▸ About this task: Please keep to the lines below from the one with "Jdm Wallpaper, Cool" through the one with "Reformation White 100%", and restate them word for word, ends included.
Start of Information shown
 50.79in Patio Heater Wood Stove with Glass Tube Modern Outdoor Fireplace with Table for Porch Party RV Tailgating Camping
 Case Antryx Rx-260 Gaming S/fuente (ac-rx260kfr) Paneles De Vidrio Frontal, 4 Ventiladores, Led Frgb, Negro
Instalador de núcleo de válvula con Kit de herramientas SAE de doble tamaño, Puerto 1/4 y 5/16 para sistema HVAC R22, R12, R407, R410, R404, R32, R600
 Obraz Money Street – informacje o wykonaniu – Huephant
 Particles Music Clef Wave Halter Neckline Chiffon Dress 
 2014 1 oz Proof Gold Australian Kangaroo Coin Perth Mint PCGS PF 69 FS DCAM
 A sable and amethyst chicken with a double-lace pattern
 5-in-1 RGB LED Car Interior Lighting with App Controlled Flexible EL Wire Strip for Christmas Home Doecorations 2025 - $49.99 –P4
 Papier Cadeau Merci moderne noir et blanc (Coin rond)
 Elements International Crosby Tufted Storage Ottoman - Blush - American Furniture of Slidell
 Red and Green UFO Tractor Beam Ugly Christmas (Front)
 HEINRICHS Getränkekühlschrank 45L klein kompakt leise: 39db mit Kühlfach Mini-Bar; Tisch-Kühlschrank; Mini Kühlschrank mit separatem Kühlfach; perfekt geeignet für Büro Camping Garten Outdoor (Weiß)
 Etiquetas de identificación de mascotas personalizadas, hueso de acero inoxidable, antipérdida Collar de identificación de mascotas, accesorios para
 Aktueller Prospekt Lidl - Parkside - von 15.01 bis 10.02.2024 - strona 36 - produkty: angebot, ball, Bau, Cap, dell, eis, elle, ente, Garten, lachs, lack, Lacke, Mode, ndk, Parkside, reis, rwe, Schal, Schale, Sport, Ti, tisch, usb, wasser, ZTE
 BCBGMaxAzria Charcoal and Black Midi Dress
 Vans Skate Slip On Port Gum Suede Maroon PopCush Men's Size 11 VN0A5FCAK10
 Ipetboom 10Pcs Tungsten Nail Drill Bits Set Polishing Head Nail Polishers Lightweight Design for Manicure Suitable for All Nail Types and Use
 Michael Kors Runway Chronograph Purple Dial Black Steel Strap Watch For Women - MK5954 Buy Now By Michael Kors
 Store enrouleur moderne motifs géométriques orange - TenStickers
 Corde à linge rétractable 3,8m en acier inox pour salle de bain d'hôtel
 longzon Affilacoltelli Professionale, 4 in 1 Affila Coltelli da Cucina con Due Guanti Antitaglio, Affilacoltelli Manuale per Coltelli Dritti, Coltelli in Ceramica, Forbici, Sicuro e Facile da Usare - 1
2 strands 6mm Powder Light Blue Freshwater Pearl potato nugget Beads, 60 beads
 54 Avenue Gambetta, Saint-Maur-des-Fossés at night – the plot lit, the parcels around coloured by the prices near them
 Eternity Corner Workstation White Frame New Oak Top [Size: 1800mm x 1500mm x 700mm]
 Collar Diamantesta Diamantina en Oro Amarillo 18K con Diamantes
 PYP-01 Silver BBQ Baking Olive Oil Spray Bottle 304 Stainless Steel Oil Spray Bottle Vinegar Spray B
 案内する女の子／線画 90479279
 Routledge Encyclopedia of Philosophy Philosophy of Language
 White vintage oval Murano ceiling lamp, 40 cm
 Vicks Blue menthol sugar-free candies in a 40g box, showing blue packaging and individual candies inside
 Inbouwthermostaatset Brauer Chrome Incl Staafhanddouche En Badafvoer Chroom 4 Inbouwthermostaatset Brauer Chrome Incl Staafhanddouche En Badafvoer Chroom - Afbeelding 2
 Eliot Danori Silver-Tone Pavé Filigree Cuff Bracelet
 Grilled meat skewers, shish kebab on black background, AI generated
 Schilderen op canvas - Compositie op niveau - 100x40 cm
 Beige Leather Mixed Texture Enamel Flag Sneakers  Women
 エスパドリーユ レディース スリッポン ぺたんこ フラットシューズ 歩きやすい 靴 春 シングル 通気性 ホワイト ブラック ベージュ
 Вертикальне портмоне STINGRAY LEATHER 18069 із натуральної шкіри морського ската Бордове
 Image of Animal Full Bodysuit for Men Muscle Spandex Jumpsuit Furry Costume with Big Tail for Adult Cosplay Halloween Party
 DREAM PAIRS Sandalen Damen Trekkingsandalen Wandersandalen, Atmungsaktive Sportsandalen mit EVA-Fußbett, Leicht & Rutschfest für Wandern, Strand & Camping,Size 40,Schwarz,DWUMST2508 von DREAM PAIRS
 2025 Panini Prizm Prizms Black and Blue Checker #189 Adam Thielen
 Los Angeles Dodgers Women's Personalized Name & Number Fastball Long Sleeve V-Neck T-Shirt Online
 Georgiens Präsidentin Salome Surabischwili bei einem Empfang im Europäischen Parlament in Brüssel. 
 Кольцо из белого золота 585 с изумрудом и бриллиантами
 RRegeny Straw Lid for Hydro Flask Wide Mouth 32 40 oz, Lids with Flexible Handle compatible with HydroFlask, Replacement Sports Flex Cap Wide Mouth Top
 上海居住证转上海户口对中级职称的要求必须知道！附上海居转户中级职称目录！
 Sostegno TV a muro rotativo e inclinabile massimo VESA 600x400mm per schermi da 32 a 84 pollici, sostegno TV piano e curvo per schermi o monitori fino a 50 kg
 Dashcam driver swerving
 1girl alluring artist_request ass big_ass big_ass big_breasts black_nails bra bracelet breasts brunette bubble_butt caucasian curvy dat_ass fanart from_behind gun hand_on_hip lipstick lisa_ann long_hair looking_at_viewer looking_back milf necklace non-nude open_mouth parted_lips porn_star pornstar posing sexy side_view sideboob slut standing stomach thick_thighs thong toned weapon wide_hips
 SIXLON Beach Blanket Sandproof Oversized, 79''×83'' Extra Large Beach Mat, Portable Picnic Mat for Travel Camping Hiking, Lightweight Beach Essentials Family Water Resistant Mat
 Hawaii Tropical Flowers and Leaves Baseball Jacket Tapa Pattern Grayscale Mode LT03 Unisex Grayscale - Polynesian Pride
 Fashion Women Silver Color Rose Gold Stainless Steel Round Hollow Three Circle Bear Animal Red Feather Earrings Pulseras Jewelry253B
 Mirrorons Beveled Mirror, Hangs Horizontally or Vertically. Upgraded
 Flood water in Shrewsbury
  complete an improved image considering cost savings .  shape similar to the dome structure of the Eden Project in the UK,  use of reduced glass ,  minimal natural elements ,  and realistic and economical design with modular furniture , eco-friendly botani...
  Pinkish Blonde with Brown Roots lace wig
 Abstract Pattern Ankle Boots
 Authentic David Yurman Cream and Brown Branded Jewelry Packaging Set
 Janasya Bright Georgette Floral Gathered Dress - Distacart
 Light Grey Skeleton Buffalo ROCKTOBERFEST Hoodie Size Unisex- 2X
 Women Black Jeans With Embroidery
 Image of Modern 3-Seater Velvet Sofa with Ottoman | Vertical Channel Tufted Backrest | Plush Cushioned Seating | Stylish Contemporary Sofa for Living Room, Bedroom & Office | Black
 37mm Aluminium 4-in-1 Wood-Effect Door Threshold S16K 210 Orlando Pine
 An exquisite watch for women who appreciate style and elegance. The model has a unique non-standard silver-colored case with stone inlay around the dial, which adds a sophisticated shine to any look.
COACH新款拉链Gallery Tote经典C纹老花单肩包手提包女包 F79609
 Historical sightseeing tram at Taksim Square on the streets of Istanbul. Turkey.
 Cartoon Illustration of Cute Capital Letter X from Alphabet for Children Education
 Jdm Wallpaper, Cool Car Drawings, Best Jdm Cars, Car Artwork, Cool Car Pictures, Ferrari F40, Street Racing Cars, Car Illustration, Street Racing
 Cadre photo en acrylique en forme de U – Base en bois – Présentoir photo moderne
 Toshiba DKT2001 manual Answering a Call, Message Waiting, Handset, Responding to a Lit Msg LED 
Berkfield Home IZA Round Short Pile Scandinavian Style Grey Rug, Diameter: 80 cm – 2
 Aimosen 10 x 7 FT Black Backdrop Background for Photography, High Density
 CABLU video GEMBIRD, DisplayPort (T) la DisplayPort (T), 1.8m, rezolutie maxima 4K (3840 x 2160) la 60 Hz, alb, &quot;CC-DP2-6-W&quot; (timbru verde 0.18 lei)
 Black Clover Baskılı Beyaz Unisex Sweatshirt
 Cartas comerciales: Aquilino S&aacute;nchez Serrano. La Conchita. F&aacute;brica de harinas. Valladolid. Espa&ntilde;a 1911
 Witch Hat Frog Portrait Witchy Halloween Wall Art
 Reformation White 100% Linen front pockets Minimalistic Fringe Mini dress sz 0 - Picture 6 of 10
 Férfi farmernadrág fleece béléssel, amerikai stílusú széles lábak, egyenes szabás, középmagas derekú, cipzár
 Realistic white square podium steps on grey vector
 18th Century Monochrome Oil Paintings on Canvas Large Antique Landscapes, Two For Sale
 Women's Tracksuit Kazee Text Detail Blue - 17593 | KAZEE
End of Information shown
▸ Result:
 Jdm Wallpaper, Cool Car Drawings, Best Jdm Cars, Car Artwork, Cool Car Pictures, Ferrari F40, Street Racing Cars, Car Illustration, Street Racing
 Cadre photo en acrylique en forme de U – Base en bois – Présentoir photo moderne
 Toshiba DKT2001 manual Answering a Call, Message Waiting, Handset, Responding to a Lit Msg LED 
Berkfield Home IZA Round Short Pile Scandinavian Style Grey Rug, Diameter: 80 cm – 2
 Aimosen 10 x 7 FT Black Backdrop Background for Photography, High Density
 CABLU video GEMBIRD, DisplayPort (T) la DisplayPort (T), 1.8m, rezolutie maxima 4K (3840 x 2160) la 60 Hz, alb, &quot;CC-DP2-6-W&quot; (timbru verde 0.18 lei)
 Black Clover Baskılı Beyaz Unisex Sweatshirt
 Cartas comerciales: Aquilino S&aacute;nchez Serrano. La Conchita. F&aacute;brica de harinas. Valladolid. Espa&ntilde;a 1911
 Witch Hat Frog Portrait Witchy Halloween Wall Art
 Reformation White 100% Linen front pockets Minimalistic Fringe Mini dress sz 0 - Picture 6 of 10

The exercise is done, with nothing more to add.